Chauvelin, la plupart du temps, s’était tenu en dehors de cette surenchère. Il pensait que le sort des deux partis était dans ses mains. Il ne pensait qu’au Mouron Rouge, à son imminente capture, sachant que lorsqu’il aurait en son pouvoir le plus redoutable adversaire des excès de la Révolution, il pourrait lier à son triomphe l’un ou l’autre des partis : Robespierre et ses bourreaux ou Tallien et les modérés. Il est si facile de dominer la foule que ce seul exploit suffirait à faire de lui l’homme le plus populaire de France. Lui, Chauvelin, dont le nom était devenu synonyme d’échec, pourrait d’un mot balayer ceux qui s’étaient moqués de lui, précipiter ses ennemis de leur piédestal et nommer ceux qui gouverneraient la France. Et cela devait se décider en quatre jours ! Deux jours avaient déjà passé.
La mi-juillet avait été particulièrement orageuse. On eût dit que la nature, unie aux passions humaines, à la vengeance, à la luxure, à la cruauté, rendait l’air plus lourd, brûlant pour faire pressentir la tempête à venir.
Pour Marguerite Blakeney, chaque jour était un cauchemar. Retranchée du monde extérieur, sans nouvelles de son mari depuis quarante-huit heures, elle endurait une véritable agonie qui eût brisé une âme plus faible, moins confiante.

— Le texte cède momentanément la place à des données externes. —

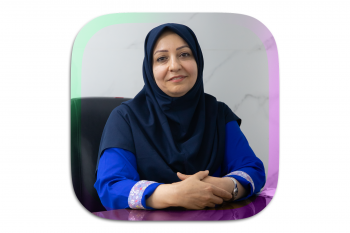 الدكتورة زهرا إبراهيمي؛ كل ما يتعلق بالعقم والعلاجات المتقدمة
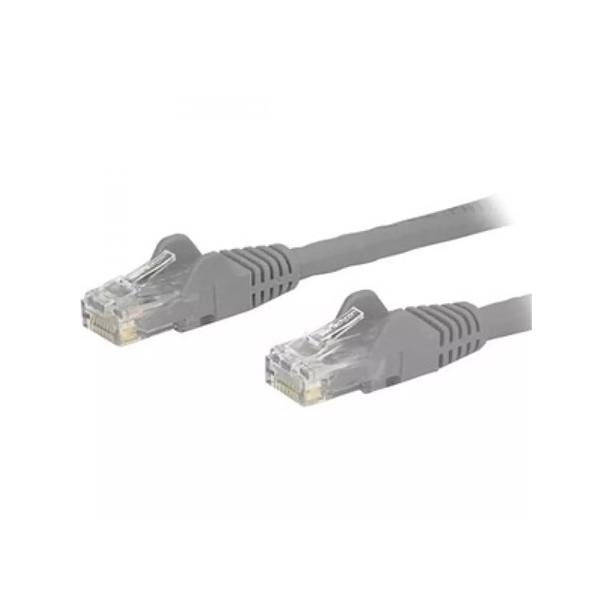 NEXXT - PATCH CORD CAT6 2,1 MTS GRIS (798302030602)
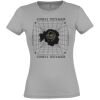 SOL'S Ladies Miss T-Shirt Thumbnail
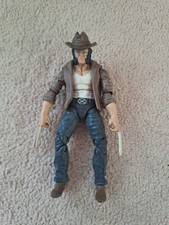 Marvel universe wolverine for sale  TAUNTON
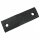 STRAP EXHAUST, FLEXIBLE, LONG, 7.8 CM HOLE CENTER TO HOLE CENTER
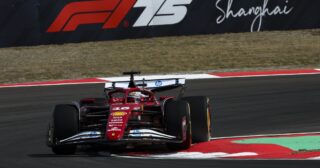 GP Chin: Sprint w Szanghaju dla Hamiltona | Podsumowanie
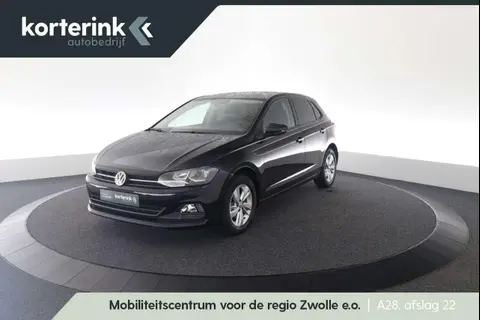 Used VOLKSWAGEN POLO Petrol 2020 Ad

Deux jours auparavant, la vieille femme qui la servait lui avait apporté un message d’une main inconnue. Je l’ai vu, disait le message, il se porte bien et il est plein d’espoir. Je prie Dieu pour votre délivrance et la sienne, mais on ne peut compter que sur un miracle.
Une main de femme avait tracé ces lignes, mais il n’y avait aucune indication sur leur provenance. Depuis, Marguerite n’avait plus rien reçu.
Elle n’avait pas vu non plus Chauvelin, ce dont elle remerciait Dieu à genoux. Cependant tous les jours à une heure régulière, elle devinait sa présence derrière la porte. Elle entendait sa voix dans le vestibule, des ordres, un bruit d’armes ou une conversation à voix basse. En ce moment, les pas furtifs de Chauvelin erraient devant sa porte et Marguerite restait sans mouvement comme une souris qui sent le chat, retenant son souffle, à demi morte d’appréhension.
Le jour se traînait lentement ; elle n’avait plus de livres ; on ne lui avait même pas donné une aiguille pour s’occuper. Elle n’avait personne à qui parler, sauf la mère Théot qui lui portait ses repas, presque toujours en silence et avec une mine telle qu’elle empêchait toute tentative de conversation. Marguerite n’avait pour compagnie que ses pensées, ses craintes qui augmentaient sans cesse, ses espoirs qui se dissipaient à mesure que les heures et les jours se succédaient avec monotonie. Il n’y avait autour d’elle que le bruit des allées et venues des soldats, et toutes les deux heures la relève de la garde dans le vestibule. Puis les murmures, les annonces des soldats jouant aux cartes ou aux dés, les chansons bachiques, les rires canailles, les mots obscènes, tout ce qui témoignait de la présence de ses geôliers et qui semblait immuable à l’abri de ces murs.
En fin d’après-midi, l’air devenait suffocant et Marguerite ouvrait la fenêtre, restait assise devant elle, les yeux fixés sur l’horizon lointain, ses mains moites et molles abandonnées sur son giron. Elle rêvait… et l’horloge de Saint-Antoine la réveillait en sonnant sept heures. Aussitôt elle entendait traîner le pas odieux de l’autre côté de la porte, des murmures, un éclat de rire cruel qui la ramenait au sentiment de son horrible position et du danger qui guettait son bien-aimé.